O sistema atual se mostrou ineficaz para assegurar estabilidade governamental
O presidencialismo e seu sonho de uma noite de verão
Lula e Janja no desfile do Dia da Independência, em Brasília | Crédito: Ricardo Stuckert/PR

(Do shutdown estadunidense ao Pix parlamentar brasileiro)

Os arautos do presidencialismo, vitoriosos no segundo turno da Assembleia Nacional Constituinte de 1987-88, defenderam o sistema de governo estadunidense como a forma perfeita de colocar o poder “nas mãos do povo”, por meio de um rei eleito que governa, enquanto o Legislativo legisla e fiscaliza. Inspirados em Hamilton e Madison, nossos constituintes viam no modelo dos Founding Fathers um arranjo equilibrado, capaz de garantir um Executivo forte, limitado apenas pelos freios e contrapesos dos outros Poderes.

Importado para o Brasil, porém, esse sistema mostrou-se ineficaz para assegurar estabilidade governamental. A influência parlamentarista do primeiro turno da Constituinte impregnou o texto final de dispositivos típicos do parlamentarismo, como a medida provisória e a formação de coalizões. Nascia ali o que Sérgio Abranches chamou de “presidencialismo de coalizão”: um modelo em que o presidente, mesmo eleito por maioria popular, precisa conquistar uma terceira vitória dentro do Parlamento para conseguir governar de fato.

Com o tempo, a necessidade de apoio parlamentar ganhou cores cada vez mais intensas. O que começou com negociações ministeriais evoluiu para destinações orçamentárias, passando pelos escândalos do mensalão e da Petrobras. A lógica de sustentação política corroeu a fronteira entre governar e fiscalizar, e o Legislativo, antes contrapeso, tornou-se coproprietário do próprio poder de governo.

Essa degeneração se aprofundou com a autonomia na execução das emendas parlamentares. O fenômeno atingiu seu ápice nas chamadas “emendas Pix”, objeto de ação sob relatoria do ministro Flávio Dino, e símbolo recente de um Legislativo que não apenas legisla, mas distribui recursos, define políticas públicas e, paradoxalmente, permanece imune à responsabilização política pelos resultados dessas políticas.

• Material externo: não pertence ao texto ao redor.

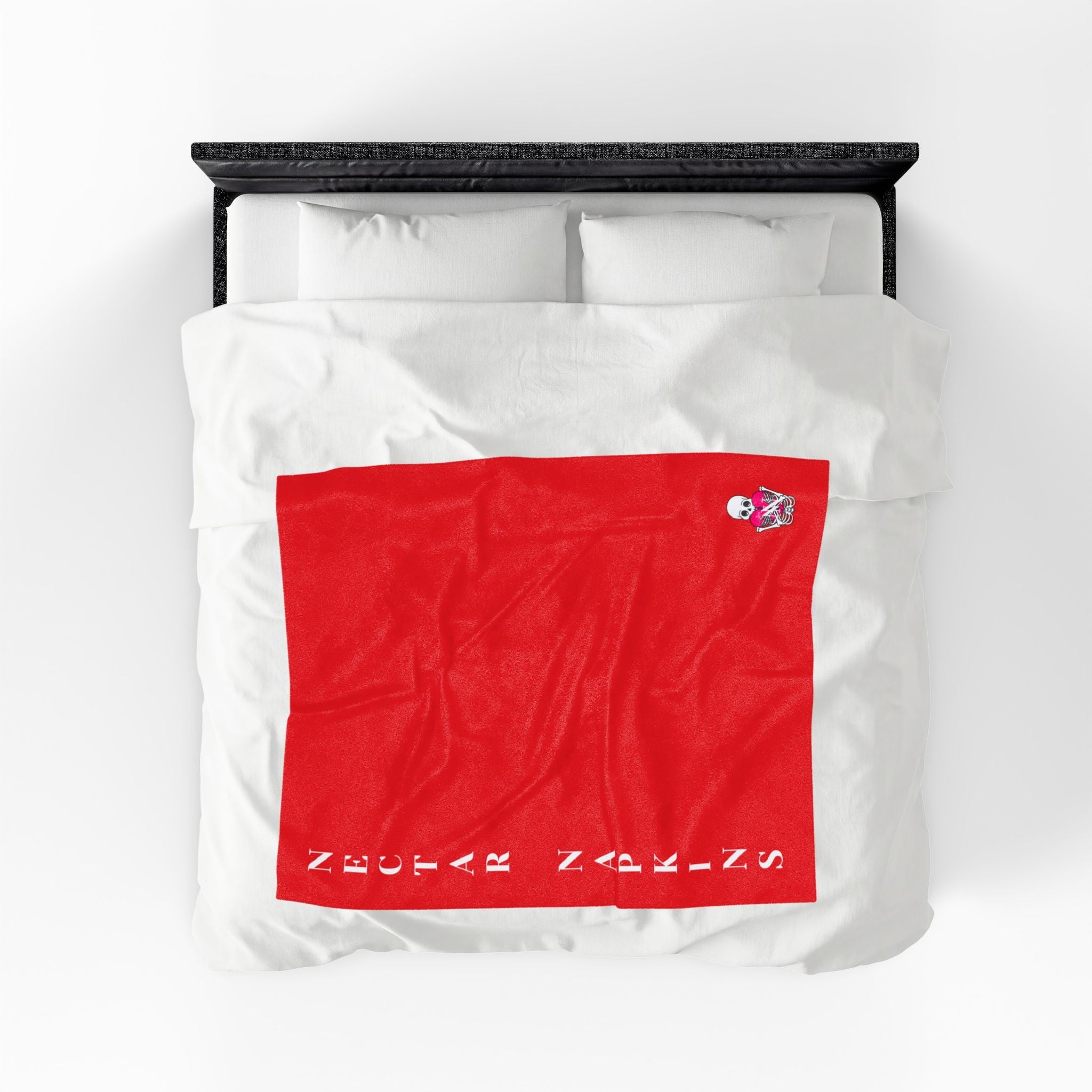 Nectar Napkins Brand Bright Red Love Blanket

Durante muito tempo, acreditou-se que o problema era a versão tropical do modelo, corrompida pela pusilanimidade constituinte ou pelos desvios dos governantes. Mas a crise recente dos Estados Unidos, paralisados por mais um shutdown orçamentário, mostra que o defeito talvez não esteja na adaptação, e sim na essência do próprio presidencialismo.

O sucesso institucional estadunidense não parece derivar exclusivamente do sistema presidencial, mas de outros fatores: o distritalismo majoritário, o bipartidarismo efetivo e, sobretudo, uma cultura política forjada em séculos de republicanismo cívico. Sem esses elementos estruturais, o presidencialismo perde seu equilíbrio e expõe suas contradições: um governante eleito que precisa implorar sustentação parlamentar para exercer o poder que a urna já lhe conferiu.

A falácia da autossuficiência presidencial foi, por décadas, mascarada pelo bipartidarismo estadunidense e pela disciplina partidária que nunca existiu no Brasil. Aqui, o presidente não governa sem o Parlamento, e o Parlamento governa sem ser governo. Essa assimetria dissolve o princípio da separação dos poderes e transforma a governabilidade em moeda de troca.

Ao fim, o Parlamento brasileiro assumiu o lado bom da função de governo, como destinar verbas, intervir em políticas públicas e definir prioridades, mas escapou do lado difícil, que é ser responsabilizado pelos resultados. O presidencialismo, nesse contexto, tornou-se um teatro de sombras em que o governante responde por decisões que não controla, e o Parlamento exerce poder sem responder por ele.

Trinta e cinco anos depois da Constituição de 1988, talvez o País precise despertar do seu sonho de uma noite de verão. O Brasil pode estar com um encontro marcado com o parlamentarismo, não por ser o sistema mais perfeito, mas por ser o mais honesto com a realidade parlamentar que, de fato, vigora há mais de três décadas.